**DATA FOR THE TASK**:
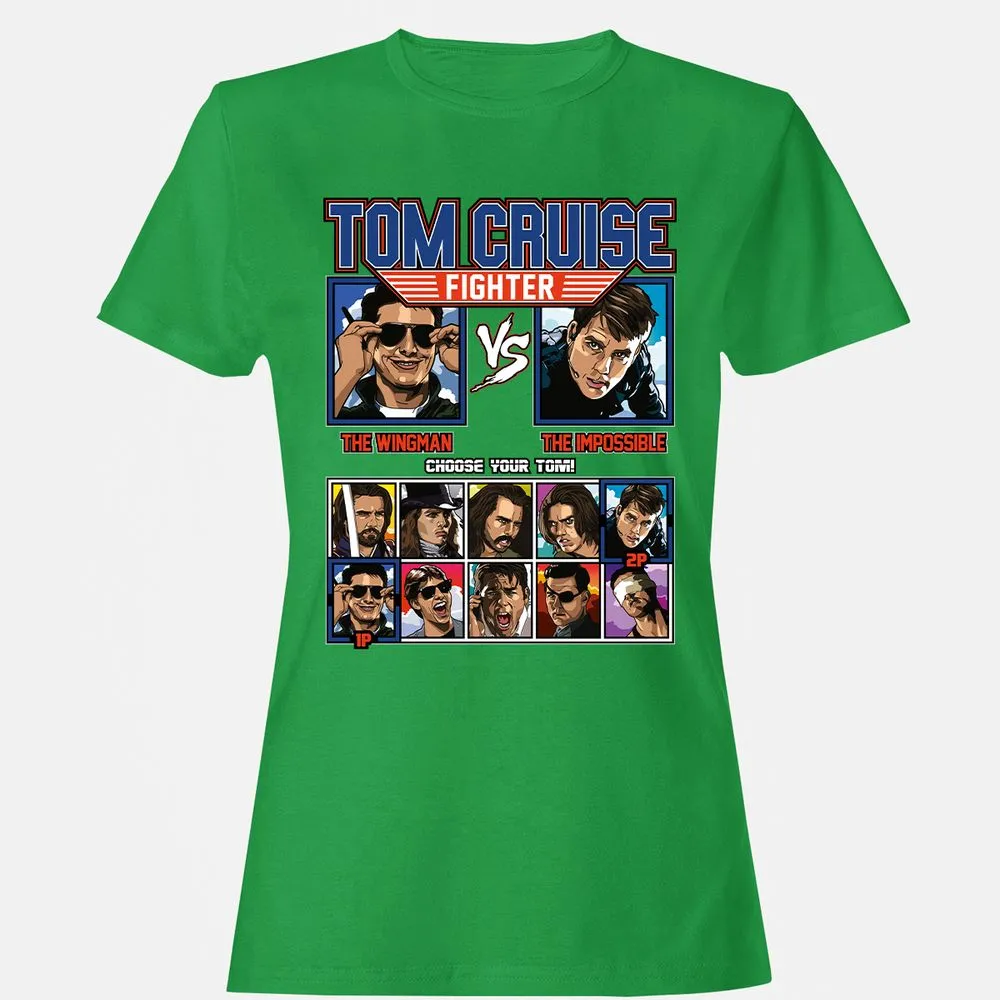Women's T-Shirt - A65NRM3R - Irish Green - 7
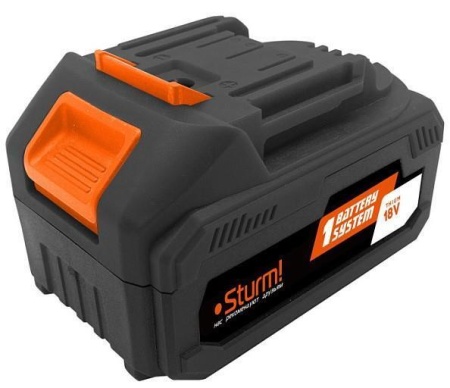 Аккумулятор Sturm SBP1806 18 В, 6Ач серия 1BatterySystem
* * *
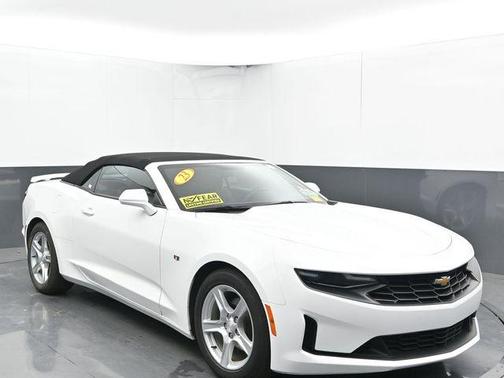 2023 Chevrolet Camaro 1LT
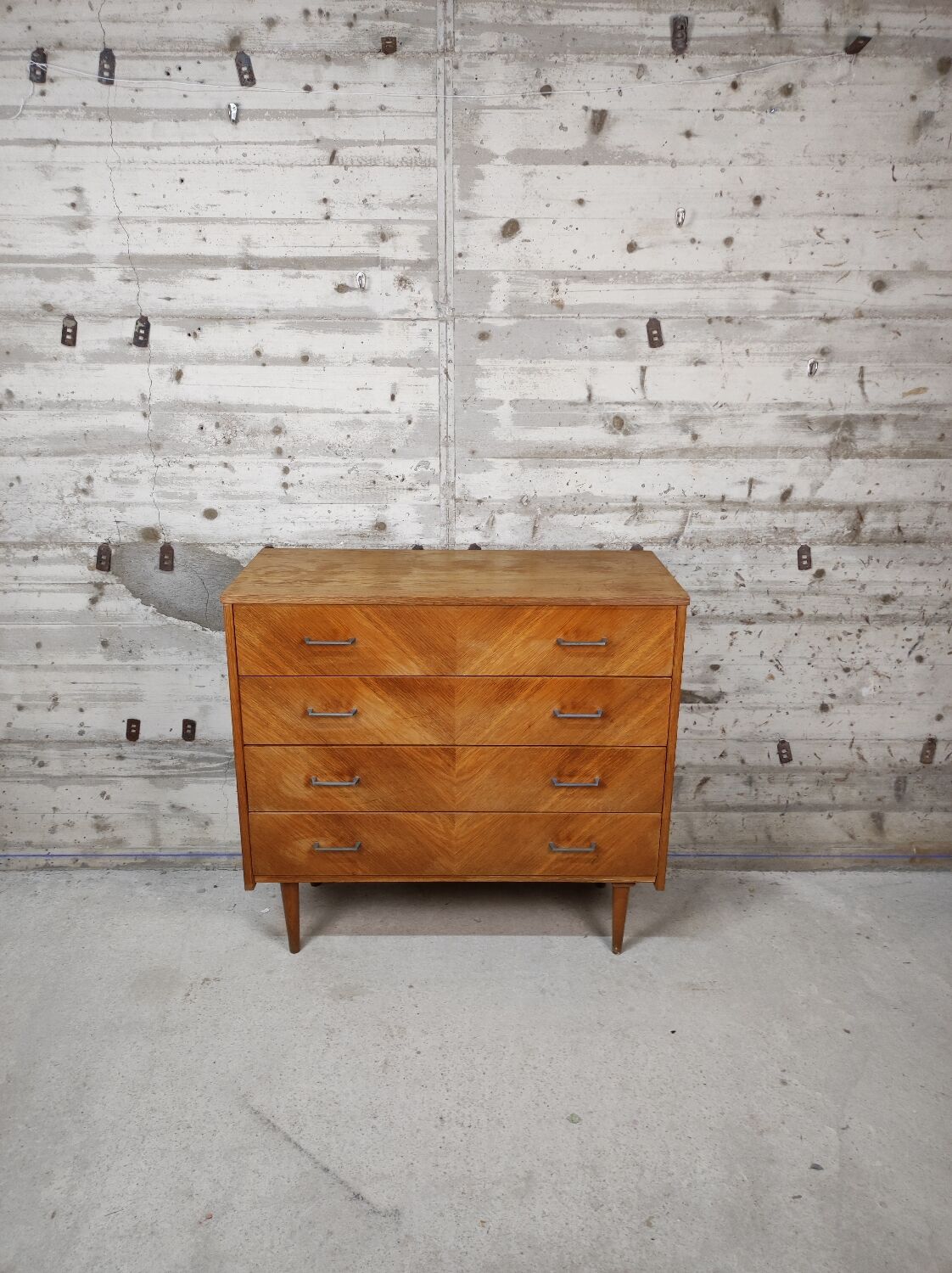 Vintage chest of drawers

**TRY IT**: Copy exactly the lines of the listing above between the one holding "Women's T-Shirt - A65NRM3R - Irish Green - 7" and the one holding "Аккумулятор Sturm SBP1806", inclusive; omit all pictures.

**TASK ANSWER**:
Women's T-Shirt - A65NRM3R - Irish Green - 7
 Аккумулятор Sturm SBP1806 18 В, 6Ач серия 1BatterySystem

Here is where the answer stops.